新聞みていたら、たまたま六本木のABCの募集が載っていた。「洋書ができる人」となっていて応募したら通った。1984年のことよ。つまんなかったらすぐ辞めちゃおうって(笑)。ところが、働きだしたら本屋の仕事はおもしろい。いい同僚に恵まれたし、本の棚づくりに没頭する日々。仕事は稼ぐ金の額じゃないと思ったね。
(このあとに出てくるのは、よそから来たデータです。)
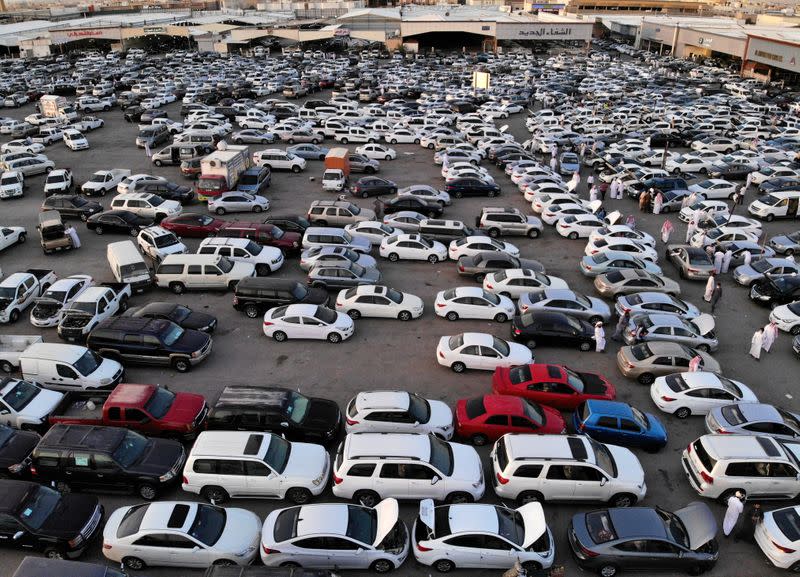 People gather to buy cars before the expected increase of VAT to 15% in Riyadh
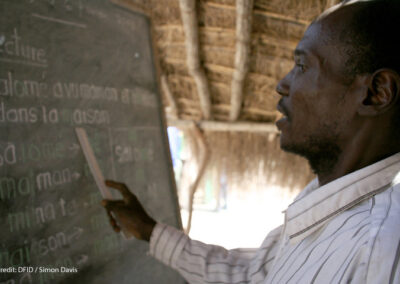 A male teacher points to the blackboard at Betokomia Trois bush school, Central African Republic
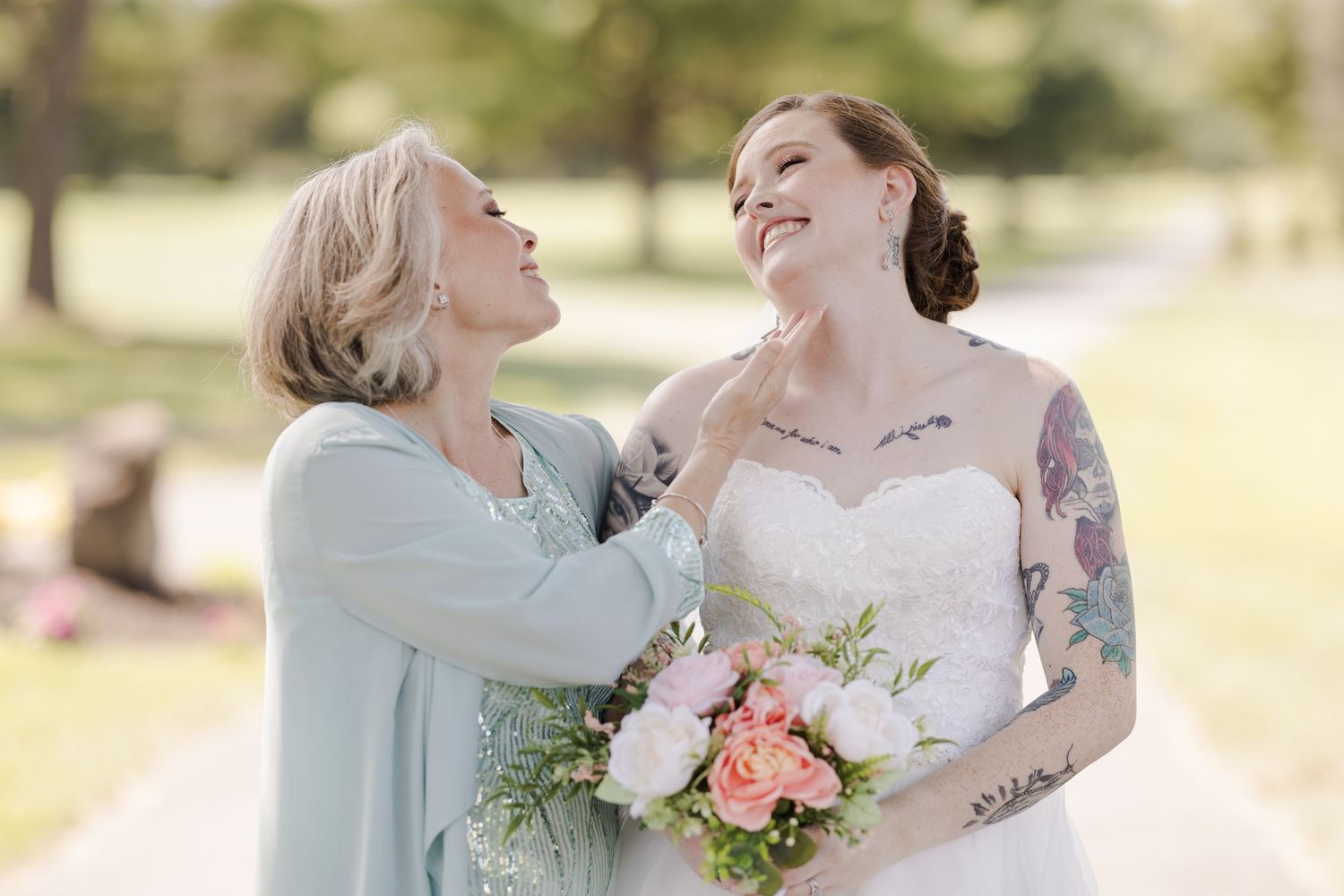 Bride in white gown holding pink bouquet smiles as older woman in blue adjusts her necklace outdoors.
—ABCには1984年から2000年まで勤務されていらした?。
ABC辞めたのは2000年。それは一回目の退社ね。その後、洋書の会社へ。「東京ランダムウオーク」をつくり神保町、六本木、赤坂に出店。2004年にABCの経営が傾いて、日本洋書販売が買収した。で「稲葉、六本木に戻れ」と言われて戻ったの。それで六本木の店を改装したり、ヒルズにも店を出して六本木店とヒルズの統括の仕事をしました。その頃は、もう昔の勢いはなかったね。2008年にまたおかしくなって、私を救ってくれた社長が解雇に。それで私もそろそろ潮時かと思って辞めました。その後は、原宿や駿河台にブックカフェをつくるのを手伝ったり、記念館三笠売店で店長を務めた。
—横須賀にきたのが2010年、長い歴史です。これからの横須賀に期待していますか??
自分の店に、いろんな人が来て、ほんの少しでも幸せな時間が持てたなら、それで充分。それが横須賀の街にプラスになるひとつの要因にはなるだろうけど、街に期待するという感覚はありません。誰しもが自分の好きなことをやってほしいな。街に期待するなんておこがましいじゃん。でも自分の店はよくしたい。自分の生き方をそれぞれの人が大切にしてほしい。今70代ですが年齢は関係ない。好きなことすればいいんだよ。
—人生何があるかわかりません。明日死んじゃうかもしれない。元気の秘訣ありますか?
毎日しっかり生きないといけないよな。個人個人でがんばっていこうよ。目の前の人にやさしさもって、ちょっとしたことでいいんじゃない?でも政治家は別だよ。渡辺一夫って東大仏文の学者が昔言っていた。「政治家は徹底した偽善者になれ」ってね。
地元の人はやさしくて親切。シャッター上げるとみんな挨拶してくれる。名物爺になっているのはうれしいよ。毎日お湯にレモン汁絞って飲んでいるの。血液がサラサラになるんだって。お酒はね、原宿で一度ぶっ倒れて広尾の日赤に運ばれてから飲んでいない。もう10年以上前のことよ。それまで毎日飲んでいたけれど、煙草と酒はやめたの。あと10年はこの仕事をしていたいからね。
—ありがとうございました。

亡き父は新聞社で本をつくる部署にいたので、AMISの書棚が父の書斎と被りデジャブーでした。片っ端から手にしてもハズレのないラインナップ。さすがです。単に買うだけでなく、話のできる本屋さん。懐かしくてありがたい場所です。コーヒーの他、かき氷やおいしいしそジュースもあった!ますます上町に憧れが募る。AMISは名所であり続けてください!